Excerpts from a dataset:
◆ ◆ ◆ ◆ ◆ ◆ ◆

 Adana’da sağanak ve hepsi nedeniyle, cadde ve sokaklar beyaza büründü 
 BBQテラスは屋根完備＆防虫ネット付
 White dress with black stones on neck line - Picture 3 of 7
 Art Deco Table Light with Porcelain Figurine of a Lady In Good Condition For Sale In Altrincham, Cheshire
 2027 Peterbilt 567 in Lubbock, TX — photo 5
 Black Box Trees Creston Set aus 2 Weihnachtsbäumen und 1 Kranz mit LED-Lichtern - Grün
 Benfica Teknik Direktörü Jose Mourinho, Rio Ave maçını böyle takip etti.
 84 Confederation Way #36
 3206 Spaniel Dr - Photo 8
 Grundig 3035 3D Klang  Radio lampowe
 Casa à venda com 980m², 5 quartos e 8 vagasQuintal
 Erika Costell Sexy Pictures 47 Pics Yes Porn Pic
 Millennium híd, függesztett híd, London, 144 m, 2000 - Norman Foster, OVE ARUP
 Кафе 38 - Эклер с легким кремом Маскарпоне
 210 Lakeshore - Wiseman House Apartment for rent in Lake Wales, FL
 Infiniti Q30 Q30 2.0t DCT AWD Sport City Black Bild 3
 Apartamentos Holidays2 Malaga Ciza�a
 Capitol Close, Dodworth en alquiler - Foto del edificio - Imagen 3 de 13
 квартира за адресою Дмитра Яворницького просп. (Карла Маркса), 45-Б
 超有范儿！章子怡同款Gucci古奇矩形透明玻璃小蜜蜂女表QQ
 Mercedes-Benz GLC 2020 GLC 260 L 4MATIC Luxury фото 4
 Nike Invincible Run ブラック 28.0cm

◆ ◆ ◆ ◆ ◆ ◆ ◆

# [EXERCISE]
The required answer is the run of lines above, starting at the line with "Erika Costell Sexy" and ending at the line with "Infiniti Q30 Q30", reproduced exactly with both ends.

# [RESULT OF THIS TASK]
 Erika Costell Sexy Pictures 47 Pics Yes Porn Pic
 Millennium híd, függesztett híd, London, 144 m, 2000 - Norman Foster, OVE ARUP
 Кафе 38 - Эклер с легким кремом Маскарпоне
 210 Lakeshore - Wiseman House Apartment for rent in Lake Wales, FL
 Infiniti Q30 Q30 2.0t DCT AWD Sport City Black Bild 3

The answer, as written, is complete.